弱火にかけて、しっかりと水分を飛ばしましょう。弱火~中火で火にかけます。持ち手や裏側などの水分も蒸発し、煙が出てきたら火を止めます。
ここからは火を使い持ち手も熱くなってくるよ!鍋つかみやスキレットカバーをはめて火傷に十分気をつけてね!!
完全に覚めるのを待ってから、焼ききったひ膜を洗剤で洗い流します。
そして再度火にかけ乾燥させてください。
【手順3:食用油を塗る(表面・裏側・持ち手など全て)】
キッチンペーパーで薄く油を塗り広めます。
持ち手や裏側なども忘れずにしっかり塗り込んでください!
【手順4:もう一度火にかけて空焚きをする】
再度空焚きをします。
煙がでてくるので、換気は忘れずに!!
【手順5:煙が出て油分が消えたら火を止めて、自然に冷ます】
煙が出るまで中火くらいで熱し続け、煙が出てきたら弱火にしてくださいね。
煙が出なくなるまで焚き続け、煙が出なくなったら火を止めて少し冷まします。
しっかり冷まさなくても大丈夫だよ!あと数回油を塗るので大やけどしないためにも冷ましたほうが作業しやすいよ!
【手順6:油を塗る→空焚きを2〜3回くり返す】
さらに、「油を塗る→空焚き」の工程を2回~3回繰返し行って油の膜をどんどん張っていってください。
ただ、油膜は次の手順「野菜ぐずを炒める」の工程で作られるため、煙が出なくなり全体的に色味が均一になれば繰り返す必要はありません。
自分好みのテカリがでるまで4回でも5回でも好きにやって大丈夫だよ!何度もいうけど火傷には注意してね!!
【手順7:野菜くずを炒める】
野菜くずを炒めます。

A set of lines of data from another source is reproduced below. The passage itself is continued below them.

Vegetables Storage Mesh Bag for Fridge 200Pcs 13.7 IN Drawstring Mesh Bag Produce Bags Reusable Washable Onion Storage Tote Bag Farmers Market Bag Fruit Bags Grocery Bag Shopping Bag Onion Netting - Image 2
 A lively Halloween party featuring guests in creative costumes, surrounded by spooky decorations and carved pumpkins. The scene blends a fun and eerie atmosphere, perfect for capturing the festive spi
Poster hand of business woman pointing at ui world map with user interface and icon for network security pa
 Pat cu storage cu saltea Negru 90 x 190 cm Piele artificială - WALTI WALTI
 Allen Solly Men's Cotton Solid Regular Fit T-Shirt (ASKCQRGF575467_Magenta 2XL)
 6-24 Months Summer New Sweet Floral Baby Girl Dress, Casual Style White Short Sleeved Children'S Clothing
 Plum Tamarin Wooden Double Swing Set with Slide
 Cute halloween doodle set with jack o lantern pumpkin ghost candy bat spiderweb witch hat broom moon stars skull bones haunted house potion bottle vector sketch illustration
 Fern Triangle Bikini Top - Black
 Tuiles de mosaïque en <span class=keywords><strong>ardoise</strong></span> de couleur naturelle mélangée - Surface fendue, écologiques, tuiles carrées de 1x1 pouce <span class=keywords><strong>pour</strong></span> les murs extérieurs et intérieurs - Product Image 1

焦げ付く一歩手前で炒めるのを止め野菜を捨てます。
野菜くずを炒めることで、油分と野菜くずに含まれる水分が反応し、油分を変性することで油の層が出来上がるとのことです。
また、鋳鉄製の独特の鉄のにおいを軽減してくれる効果があるとも言われています。
効果については、調理器具メーカーさんに教えていただきました!
【手順8:最後に食用油を全体に塗り自然に冷めれば完了】
最後にもう一度油を全体に塗って完全に冷めるとシーズニング完了です。
新聞紙があれば、次回使用するまで包んでおくといいでしょう。
いろいろと手順が多い気がするかもしれませんが、しっかりとシーズニングを行うことで長く愛用できるクッカーになるので、必ずやっておきましょう。
シーズニングの注意点
シーズニングをするときに注意しておきたいことはどのようなことでしょうか。
・油を塗るときはキッチンペーパーなどを使い薄くむらなく塗る(乾性油がベスト)
・取っ手や裏側、側面に油を塗るのを忘れずに行う
・割れたり破損の原因になるので熱いうちに水をかけることは厳禁
・ステンレス製やアルミ製のダッチオーブンは基本シーズニングは不要
以上のことに注意しましょう。
シーズニングQ&A
シーズニングをする上で多く寄せられる疑問点におこたえしましょう。
Q:シーズニングの頻度は?
スキレットやダッチオーブンなど鉄製のクッカーを購入したら、必ずシーズニングを行ってから使い始めると良いでしょう。
また、シーズニングは初回だけでなく、使うたびに行うことが大切です。そうすることで少しずつ使い勝手の良い状態へ育ち、「ブラックポット」と呼ばれるつやつやとした黒光り状態になります。さらに使いやすくなりますよ。
つやつやした鉄製のクッカーは、焦げ付きにくく食材もくっつかないよ!後片付けも楽ちんに♪
【はじめからシーズニングされた製品もある】
商品の中には出荷の段階で、すでにシーズニングを施している商品もあります。そういった場合は軽く水洗いをし、火にかけ水分を飛ばせばすぐに使えますよ。
取扱説明書をよく読んでご自分の購入したスキレットやダッチオーブン、フライパンはどうなのか確認しましょう。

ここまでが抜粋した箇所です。